Introduction
Regression lines represent the best-fit linear relationship between two variables, $X$ and $Y$. In this post, we explore how to derive key statistical measures—the means, coefficients, correlation, and standard deviations—directly from the equations of the regression lines.
Given Equations
- $3X + 4Y = 65$
- $3X + Y = 32$
Step 1: Finding the Means ($\bar{x}, \bar{y}$)

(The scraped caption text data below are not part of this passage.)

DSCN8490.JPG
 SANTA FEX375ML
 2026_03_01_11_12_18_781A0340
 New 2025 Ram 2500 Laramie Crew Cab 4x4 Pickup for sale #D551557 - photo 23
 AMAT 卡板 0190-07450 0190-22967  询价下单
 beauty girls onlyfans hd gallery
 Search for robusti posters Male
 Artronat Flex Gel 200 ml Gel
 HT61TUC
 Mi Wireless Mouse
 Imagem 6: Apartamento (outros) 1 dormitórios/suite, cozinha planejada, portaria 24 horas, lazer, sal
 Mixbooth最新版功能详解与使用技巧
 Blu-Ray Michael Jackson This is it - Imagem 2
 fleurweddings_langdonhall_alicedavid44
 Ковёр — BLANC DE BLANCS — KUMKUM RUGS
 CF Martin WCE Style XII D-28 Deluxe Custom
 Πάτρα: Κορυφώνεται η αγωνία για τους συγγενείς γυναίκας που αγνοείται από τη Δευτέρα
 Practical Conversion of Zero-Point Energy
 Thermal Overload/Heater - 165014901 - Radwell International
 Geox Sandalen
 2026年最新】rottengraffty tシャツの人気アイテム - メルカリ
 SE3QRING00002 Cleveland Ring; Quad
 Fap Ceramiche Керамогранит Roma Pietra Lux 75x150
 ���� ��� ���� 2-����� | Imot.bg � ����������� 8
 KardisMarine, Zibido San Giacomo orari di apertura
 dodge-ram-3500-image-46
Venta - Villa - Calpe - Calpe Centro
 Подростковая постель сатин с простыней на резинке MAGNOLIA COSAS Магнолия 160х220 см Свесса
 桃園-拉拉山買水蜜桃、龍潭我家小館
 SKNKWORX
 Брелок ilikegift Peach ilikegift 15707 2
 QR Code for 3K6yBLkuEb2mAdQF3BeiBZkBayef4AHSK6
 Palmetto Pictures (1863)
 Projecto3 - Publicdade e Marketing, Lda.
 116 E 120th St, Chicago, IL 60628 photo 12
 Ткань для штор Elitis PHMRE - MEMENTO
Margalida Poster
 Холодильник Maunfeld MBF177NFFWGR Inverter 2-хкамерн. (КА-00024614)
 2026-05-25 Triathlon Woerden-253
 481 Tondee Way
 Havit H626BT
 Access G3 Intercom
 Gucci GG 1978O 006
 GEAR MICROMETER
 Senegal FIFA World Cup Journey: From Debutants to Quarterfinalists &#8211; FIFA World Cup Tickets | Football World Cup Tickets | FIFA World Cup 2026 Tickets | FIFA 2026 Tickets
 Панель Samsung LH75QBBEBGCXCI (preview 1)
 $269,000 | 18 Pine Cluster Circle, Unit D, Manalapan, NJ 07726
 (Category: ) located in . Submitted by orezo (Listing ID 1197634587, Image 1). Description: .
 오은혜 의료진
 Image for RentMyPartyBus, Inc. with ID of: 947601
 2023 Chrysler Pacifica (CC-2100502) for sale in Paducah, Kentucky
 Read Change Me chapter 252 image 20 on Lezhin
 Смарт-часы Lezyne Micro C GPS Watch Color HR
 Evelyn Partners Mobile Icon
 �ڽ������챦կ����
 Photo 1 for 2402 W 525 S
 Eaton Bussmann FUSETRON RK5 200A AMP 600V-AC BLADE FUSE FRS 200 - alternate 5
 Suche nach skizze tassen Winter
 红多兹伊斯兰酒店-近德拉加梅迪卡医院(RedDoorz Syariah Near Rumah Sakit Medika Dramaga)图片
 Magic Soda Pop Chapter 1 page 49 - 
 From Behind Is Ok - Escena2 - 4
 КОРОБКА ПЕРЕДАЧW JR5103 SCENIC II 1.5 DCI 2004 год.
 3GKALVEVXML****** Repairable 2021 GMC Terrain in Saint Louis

The point of intersection of the two regression lines is the point $(\bar{x}, \bar{y})$.
Subtract eq(2) from eq(1): $(3X + 4Y) - (3X + Y) = 65 - 32$ $3Y = 33 \Rightarrow Y = 11$ Substitute $Y = 11$ into eq(2): $3X + 11 = 32 \Rightarrow 3X = 21 \Rightarrow X = 7$ Thus, $\bar{x} = 7$ and $\bar{y} = 11$.
Step 2: Finding Regression Coefficients ($b_{yx}$ and $b_{xy}$)
We must determine which line is $Y$ on $X$ and which is $X$ on $Y$. We assume $b_{yx} \cdot b_{xy} \le 1$ to ensure a valid correlation coefficient.
Case A: $3X + 4Y = 65$ is $Y$ on $X$ ($Y = -\frac{3}{4}X + \dots$) $\Rightarrow b_{yx} = -0.75$ Case B: $3X + Y = 32$ is $X$ on $Y$ ($X = -\frac{1}{3}Y + \dots$) $\Rightarrow b_{xy} = -0.33$ Check: $b_{yx} \cdot b_{xy} = (-0.75)(-0.33) = 0.25 \le 1$. This is valid.
Step 3: Correlation Coefficient ($r$)
$r = \pm \sqrt{b_{yx} \cdot b_{xy}} = \pm \sqrt{0.25} = -0.5$ (The negative sign is chosen because both slopes are negative).
Step 4: Ratio of Standard Deviations
We know $b_{yx} = r \cdot \frac{s_y}{s_x}$ and $b_{xy} = r \cdot \frac{s_x}{s_y}$. Thus, $\frac{b_{yx}}{r} = \frac{s_y}{s_x} = \frac{-0.75}{-0.5} = 1.5$. The ratio of $s_x$ to $s_y$ is the inverse.